The project is being led by navigation system manufacturer Advanced Navigation, with research partners RMIT University, The Australian National University (ANU) and commercial partner Corridor Insights.

While accurate positioning is a critical function in industries such as transportation, infrastructure and space, the group said that current technical solutions are expensive, large or energy-hungry. Size and cost remain the biggest challenges for wider commercial use, the company said, with the price of one high-performance unit approximately US$S20,000 for a decade while standard devices are still too bulky for easy integration into many potential applications such as automobiles.

The group said its solution brings together leading-edge optical physics technology from ANU with innovative photonic chips developed at RMIT.

Inside a regular high-performance gyroscope is about 1km of optical fibers, wound around a spool. Laser beams inside the fibers are split in two and sent in opposite directions. By measuring where the light reconnects, and looking at the differences in how long it takes for the light beams to travel, the gyroscope can determine position and movement with pinpoint precision.

Researchers at ANU said they have been adapting an optical measurement technique known as digital interferometry that can detect the tiniest of changes between the two light waves, isolating the gyroscope signal from background noise.
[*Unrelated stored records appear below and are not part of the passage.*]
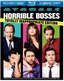 Horrible Bosses (Blu-ray/DVD Combo + UltraViolet Digital Copy)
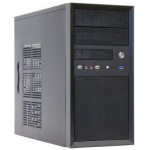 Корпус Chieftec MESH (CT-01B-450GPA)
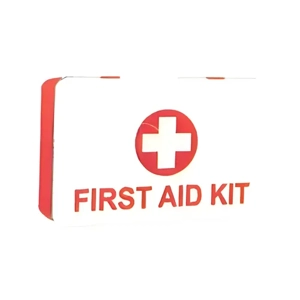 First Aid Kit
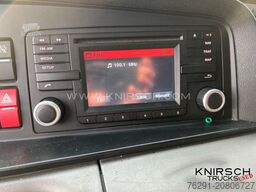 MAN TGA 26.480 Schwenkwandaufbau mit Böhm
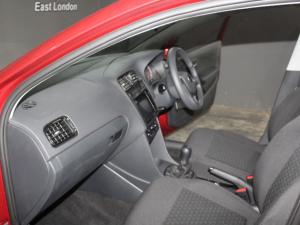 Volkswagen Polo Vivo 1.4 - Image 16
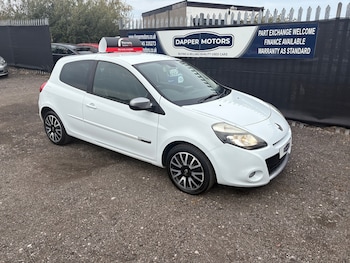 Renault - Clio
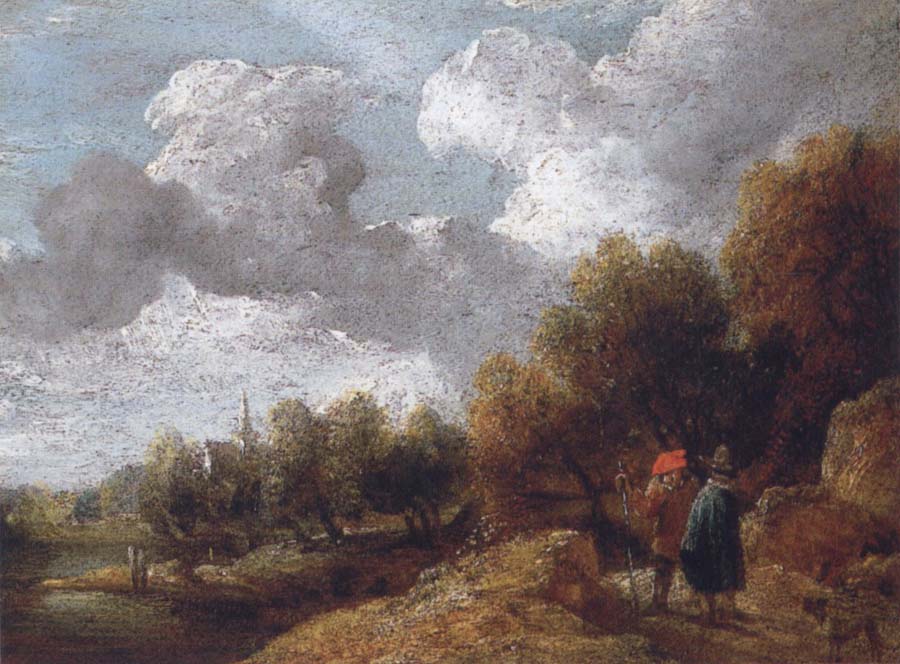 Landscape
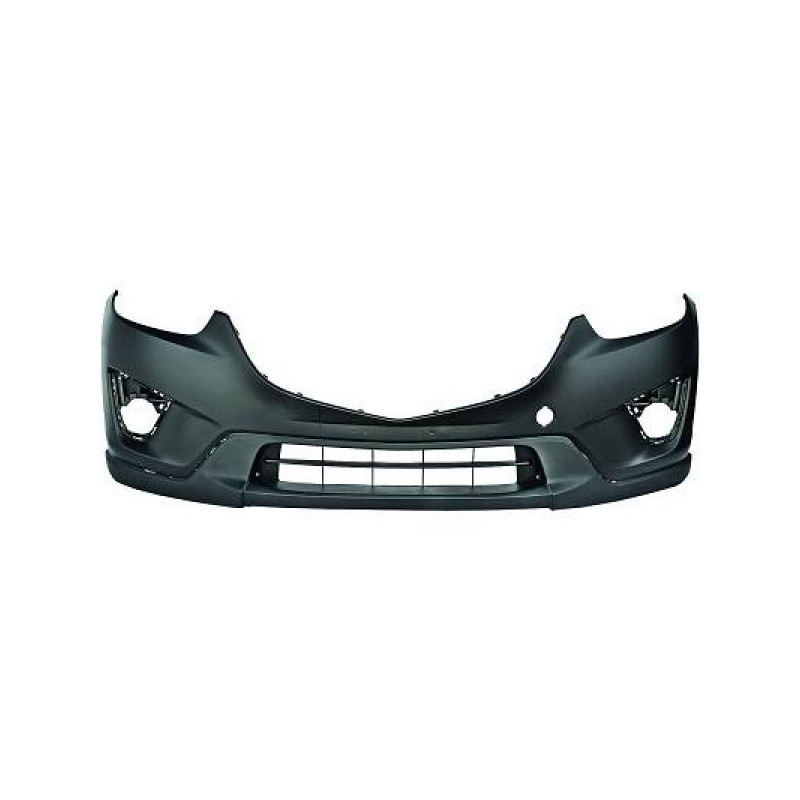 Pare-chocs avant – Mazda CX-5 12-15 – réf. KD45500318P
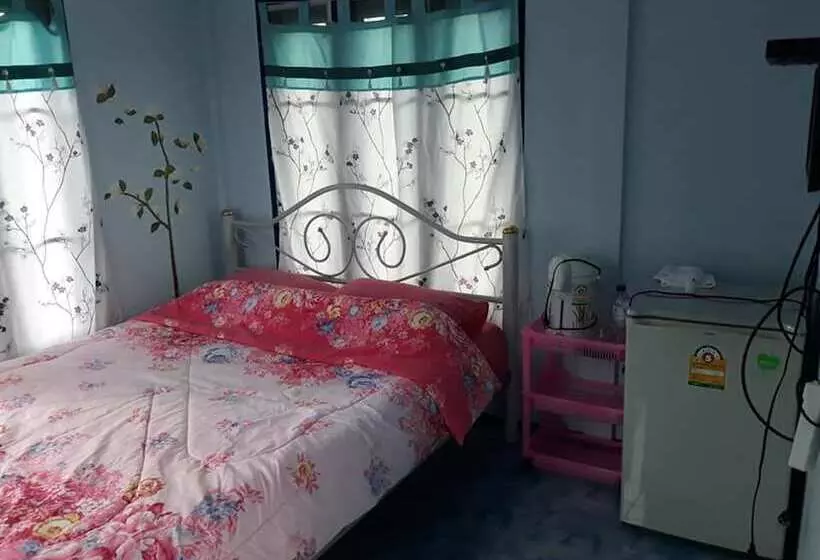 هتل Poolomchomdow Khao Kho Phetchabun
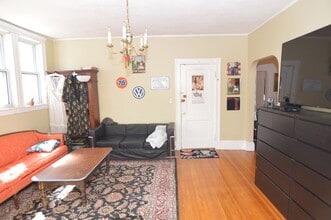 3 Melton Rd, Unit 3 in Boston, MA - Building Photo - Building Photo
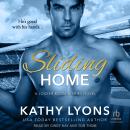 Sliding Home Audiobook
Professor Arnan Mitchell, leader of RMIT’s Integrated Photonics and Applications Centre (InPAC), said the equipment needed to detect those changes would normally take up a large bench in a laboratory: “The clever signal processing developed at ANU allows us to tell apart tiny signals from noise, and our photonic chip technology enables all that functionality to fit on a chip the size of a fingernail.”

The photonic chips will be developed by the InPAC team at RMIT, which has facilities for designing and printing microchips. “By compressing the light detection technology onto a photonic chip we can shrink ultra high-performance gyroscopes from the size of a bread box to the size of a coffee cup,” Mitchell said.

ANU photonics researcher associate professor Jong Chow said the miniscule light inconsistencies detected through digital interferometry could have significant benefits to autonomous operations: “Separating a tiny blip of noise from an actual signal can be the difference between a satellite avoiding a meteorite or crashing into it, or an automated car swerving to prevent a collision.”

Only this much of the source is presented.